An old newspaper learns new tricks

TIM GANNON PHOTO | Riverhead Free Library director Lisa Jacobs checks out a 1948 issue of the County Review, the predecessor to the Riverhead News-Review, which is now on-line.

Like many local newspapers, the Riverhead News-Review has a website, which first went online in 1998.

But how many papers can claim roots dating back to 1903 that also can be accessed online?

Riverhead Free Library, in conjunction with the Suffolk Cooperative Library System, now has digital versions online of the County Review, a direct ancestor of the News-Review.

The County Review was published from 1903 to 1950 and at one time had the highest circulation of any paper on the East End. The County Review and the Riverhead News merged in 1950 to become the Riverhead News-Review.

Riverhead Free Library has the only microfilm of the County Review, covering the entire run of the paper other than the first few months, according to library director Lisa Jacobs. The Suffolk County Historical Society has print versions of the paper, but they were deemed too fragile to convert to digital versions, so the library’s microfilm was used, she said.

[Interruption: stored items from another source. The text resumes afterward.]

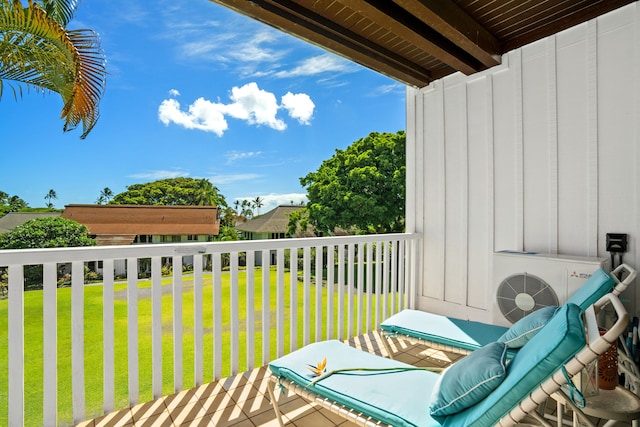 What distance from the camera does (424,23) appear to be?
318 centimetres

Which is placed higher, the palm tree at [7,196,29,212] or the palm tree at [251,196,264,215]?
the palm tree at [251,196,264,215]

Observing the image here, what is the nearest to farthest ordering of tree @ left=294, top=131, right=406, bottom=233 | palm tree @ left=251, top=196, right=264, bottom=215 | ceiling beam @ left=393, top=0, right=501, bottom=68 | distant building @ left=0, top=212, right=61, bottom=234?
ceiling beam @ left=393, top=0, right=501, bottom=68 < distant building @ left=0, top=212, right=61, bottom=234 < tree @ left=294, top=131, right=406, bottom=233 < palm tree @ left=251, top=196, right=264, bottom=215

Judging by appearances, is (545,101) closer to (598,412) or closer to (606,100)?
(606,100)

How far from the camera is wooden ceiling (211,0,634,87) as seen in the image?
→ 2.82m

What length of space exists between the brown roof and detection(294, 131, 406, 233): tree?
428 inches

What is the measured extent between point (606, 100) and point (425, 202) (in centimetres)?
208

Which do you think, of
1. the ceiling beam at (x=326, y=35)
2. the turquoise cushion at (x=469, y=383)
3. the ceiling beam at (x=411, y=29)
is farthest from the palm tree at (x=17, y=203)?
the turquoise cushion at (x=469, y=383)

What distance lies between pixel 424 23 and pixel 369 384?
308 centimetres

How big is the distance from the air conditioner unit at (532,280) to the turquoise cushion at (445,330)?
0.40 m

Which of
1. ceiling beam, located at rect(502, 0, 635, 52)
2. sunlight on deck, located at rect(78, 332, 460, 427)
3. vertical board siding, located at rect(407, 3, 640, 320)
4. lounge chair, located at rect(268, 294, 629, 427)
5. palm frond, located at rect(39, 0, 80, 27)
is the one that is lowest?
sunlight on deck, located at rect(78, 332, 460, 427)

The Suffolk Cooperative Library System has been trying to digitize some of the more important historic newspapers in the county and chose the County Review and the Islip Bulletin to work on this year, Ms. Jacobs said. The conversion process uses “optical character recognition” or OCR. It scans images of words and translates them into digital text, so that people can search by word for stories in the old papers, Ms. Jacobs said.

The digital papers can be viewed by page, or by any individual story.

The site can be accessed by going to www.live-brary.com, and then clicking on “historical newspapers.”

Live-brary.com can also be accessed through the Riverhead Free Library’s own web site.

Other historical papers that have been digitized include The Sag Harbor Corrector, the Long Islander, the Mid-Island Mail, the Patchogue Advance, the Port Jefferson Echo, the Sag Harbor Express, the South Side Signal, the Suffolk County News, and another North Fork paper, the Long Island Traveler, which remained in business until a few years ago as the Long Island Traveler-Watchman.

“It’s a great resource,” Ms. Jacobs said. “Especially for anybody doing any kind of historical or genealogical research.”

The Riverhead Free Library also has some microfilm of the Riverhead News, Ms. Jacobs said, but not as much of it as of the County Review and it hasn’t yet been digitized.

“The County Review was the bigger paper from what I understand,” she said. “It covered everything in the eastern half of the county.”

The old papers provide some interesting contrasts to the present.

For example, over the weekend, the News-Review took first place for headline writing in a New York Press Association competition. But in 1946, the County Review had this zinger for a headline: “Town Board Holds Meeting.”

How’s this for a 1948 headline? “Local Banks Show Total Assets of over $50 million.” That report referred to the assets of four banks in Riverhead village: Riverhead Savings Bank, Long State Bank, Suffolk County National Bank and Suffolk County Trust. Today, one of the banks in downtown Riverhead, Chase, is an international chain and has assets of more than $2 trillion. And Suffolk County National Bank still has an office downtown, along with about 30 other locations, and it reported assets of more than $1.6 billion last year.

In 1948, the Riverhead Town Police Chief, John Doscinski, had an annual salary of $3,100, while highway department employees were paid between 70 cents and $1.15 per hour for a 40 hour work week. That translates to between $28 and $46 per week, or between $1,456 and $2,392 per year.

Nowadays the police chief makes $167,023 per year, while highway department employees make up to $69,504.

The town, in 1945, had a bus line along Route 25 that was bid out to private companies and ran from Peconic Avenue to the Brookhaven Town line. Nowadays, the town is critical of the minimal bus service provided on the East End by Suffolk County.
In 1948, the Suffolk County Board of Supervisors adopted a resolution urging the Long Island Rail Road to improve its service, according to a County Review article.

Today, officials still complain about the LIRR.